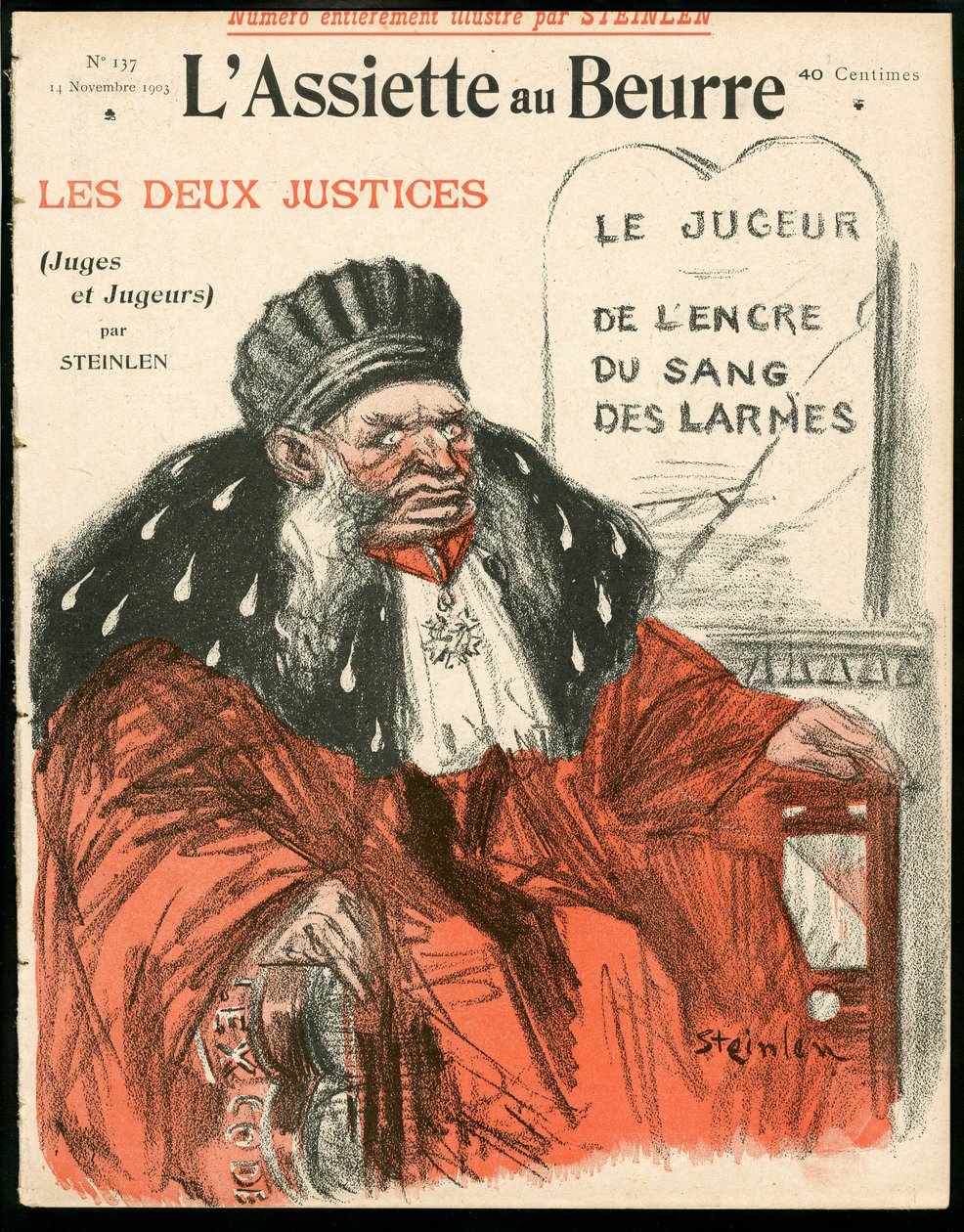 غلاف "" L'Plate aueurre "، رقم 137 ، Satirique en Couleurs بواسطة ثيوفيل الكسندر شتاينلين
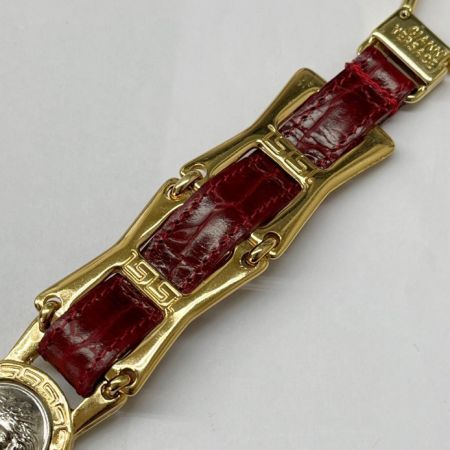  VERSACE ベルサーチ キーリング メデューサ ワインレッド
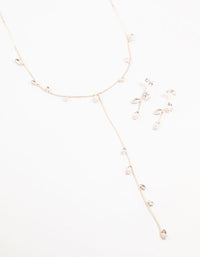 Rose Gold Leaves & Flowers Earrings & Y-Necklace Set - link has visual effect only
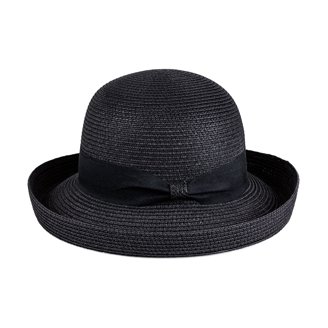 Magid Hats - Women’s black and burgundy hat. New Magid Hats Brown Black UPF 50+ Striped Straw Sun Hat One  main image 2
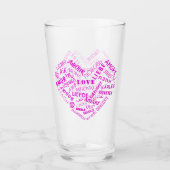 Multi Taal Liefde Word Tekst Glas Gift (Voorkant)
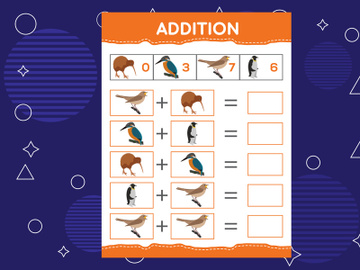Addition with different birds for kids. An educational worksheet for kids. Vector design preview picture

---+---

With all pictures omitted, return exactly the lines from the one containing "Multi Taal Liefde" through the end of the entries above.

OUTPUT OF THE TASK
 Multi Taal Liefde Word Tekst Glas Gift (Voorkant)
Addition with different birds for kids. An educational worksheet for kids. Vector design preview picture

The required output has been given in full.